# Want to add an online logo designer to my website



## byoungda (Mar 13, 2010)

A few years ago I was at an ISS show and saw a vendor that was promoting an online logo designer tool. I didn't have a website at that time so didn't take any information away. Now I'm seriously considering and can't remember the name of the vendor. I know one is Action Illustrated but this was another option. And there may be new sources out there. 

I don't even know the correct name of what I'm wanting. Any thoughts, suggestions would be greatly appreciated.

Belinda


----------



## Mtnview (Nov 5, 2009)

Deconetwork?


----------



## DCans (Nov 21, 2009)

Digital Art Solutions (DAS)?


----------



## kingwoo (Mar 22, 2013)

I need this too, anybody who knows it please tell us : )


----------



## byoungda (Mar 13, 2010)

I'm going to look into DecoNetwork. I already have a website so I will need to see if it can still be an option. I've heard of DecoNetwork as I have Wilcom software. I wish I could remember the name of that vendor but having a senior moment.

DAS is not my favorite. Enough said on that subject!


----------



## DCans (Nov 21, 2009)

I have wasted more money on DAS products than I care to admit. Trust me I was just spit-balling names from shows that I remember, it was not an endorsement.


----------



## byoungda (Mar 13, 2010)

Thanks for the responses.
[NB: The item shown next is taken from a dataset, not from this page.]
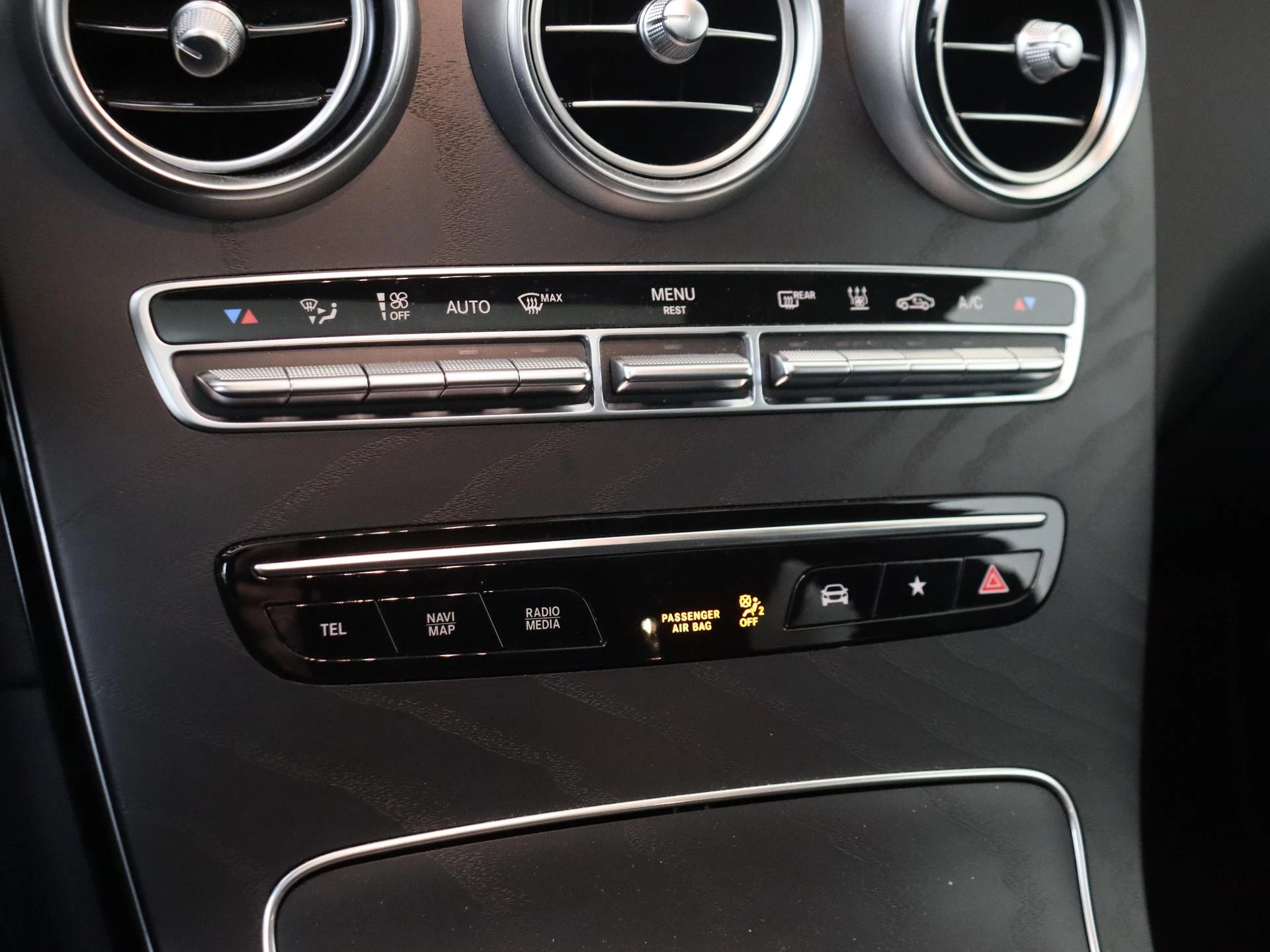 Mercedes-Benz-GLC-image-19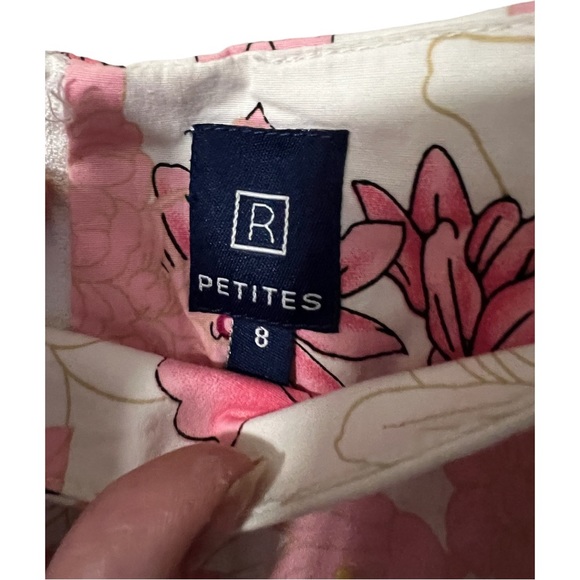 A Reitmans floral skirt in size 8 petites - Picture 4 of 7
I've talked with DecoNetwork and they sound like a viable option, however I will need to wait till my year ends on my current website as I can't link with them the way i'm wanting at this time.

I still can't remember the vendor I talked with but maybe they are no longer in business. 

Thank again!
Belinda


----------



## bigsister1967 (Feb 17, 2014)

I have personally used action illustrated and am currently requesting my money back...it has never worked. the owners both ryan and micheal admit they are in over their heads...Michael referred me to INKSOFT.


----------